> _Description of the task_
Take the lines below from the one with "Bir insan tarafından" through the one with "Innostyle INNOSTYLE POWERFLEX" and retype them exactly. Include nothing else, and no pictures.

> _Dataset extract_

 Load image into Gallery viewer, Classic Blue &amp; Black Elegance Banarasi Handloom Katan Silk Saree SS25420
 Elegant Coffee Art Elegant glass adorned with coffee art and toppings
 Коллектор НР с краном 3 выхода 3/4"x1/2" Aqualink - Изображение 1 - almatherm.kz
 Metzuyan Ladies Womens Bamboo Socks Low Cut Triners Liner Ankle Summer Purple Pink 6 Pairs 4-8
==
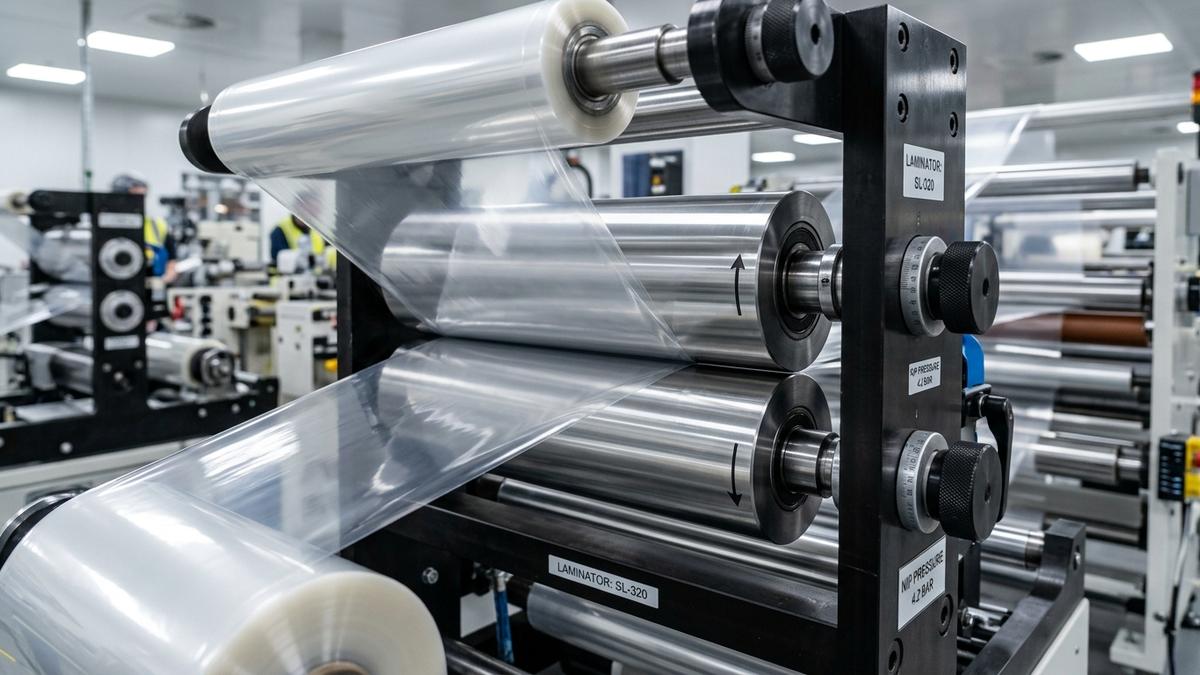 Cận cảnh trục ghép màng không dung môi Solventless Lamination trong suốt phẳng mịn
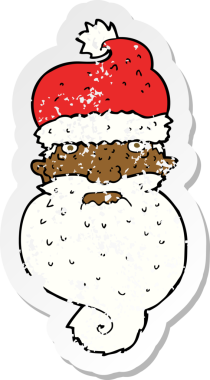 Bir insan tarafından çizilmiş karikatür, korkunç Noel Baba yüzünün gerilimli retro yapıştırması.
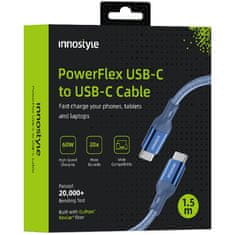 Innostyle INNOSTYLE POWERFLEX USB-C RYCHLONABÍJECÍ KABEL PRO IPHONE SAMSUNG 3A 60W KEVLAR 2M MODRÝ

> _Exercise answer_
 Bir insan tarafından çizilmiş karikatür, korkunç Noel Baba yüzünün gerilimli retro yapıştırması.
 Innostyle INNOSTYLE POWERFLEX USB-C RYCHLONABÍJECÍ KABEL PRO IPHONE SAMSUNG 3A 60W KEVLAR 2M MODRÝ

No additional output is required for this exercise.